I have been thinking about this (imo excellent) article a lot and always get stuck on these two sentences:
"They simply have a strong tendency to focus on what they want."
"They’ll often try to “help” the successful people by cautioning them about negative outcomes."
I wonder if unsuccessful people do not so much "want to caution the successful people about negative outcomes", but instead they try to prevent that they are left behind or hurt, so they use whatever they feel could stop the successful person from doing so?
You wrote, accurately, and I have seen that in my own life, that people who tend to be successful have strong "wants", are constantly occupied with their projects and follow through with getting it materialized. In most cases this takes a lot of focus and it seems this often leads to situations where you have to make a decision: success or people, especially if you have deadlines to meet. Those who then decide for people, will often not be so successful, those who drop people and follow through are mostly successful. Simple example: if you have small kids and want to become a top manager at the same time, you won't see them very often.

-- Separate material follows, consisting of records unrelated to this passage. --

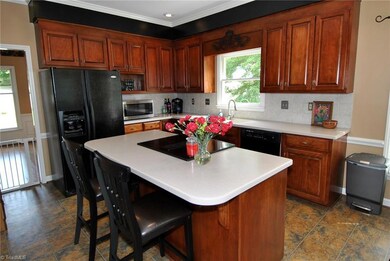 Remodeled Kitchen has new cabinetry, solid surface counters, appliances, flooring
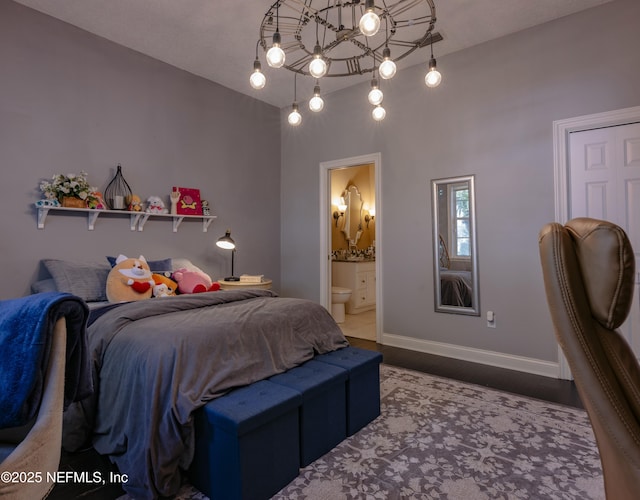 bedroom featuring connected bathroom, baseboards, and wood finished floors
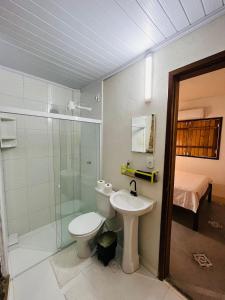 a bathroom with a toilet and a sink and a shower at CASINHA FLOR, no centro histórico!!! in Piranhas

So I found out that I start to have a negative attitude towards successful people when I feel that their success hurts, exploits or damages me (or for example their kids or the environment), i.e. lack of consideration about the impact of their striving for success to others. Which of course leads me to the thought that for me, due to past experiences, success is somehow linked to exploitation and damaging others which is why I refuse to become successful, may be.
Is there a way to be successful without damaging or exploiting other people?
Is it about finding people who do not get hurt through my own success? As a mother I am constantly in this conflict when it comes to my own development, sensing how far to tune the success process down to keep everybody in the boat (because somehow kicking them out in order to be successful is not an option).
Another thought: Could it also be that those "nagging" unsuccessful people are actually serving the one striving for success through training, unintentionally, their focus, stamina and follow through ability? After all, challenges make you strong. If you stay focussed on achieving your goal despite your partner threatening to kill himself if you don't show up in time for dinner, isn't that a great service? Or did I get something wrong here?
I just hope I never get stuck in neither part, successful or unsuccessful, but can easily switch from and to both sides.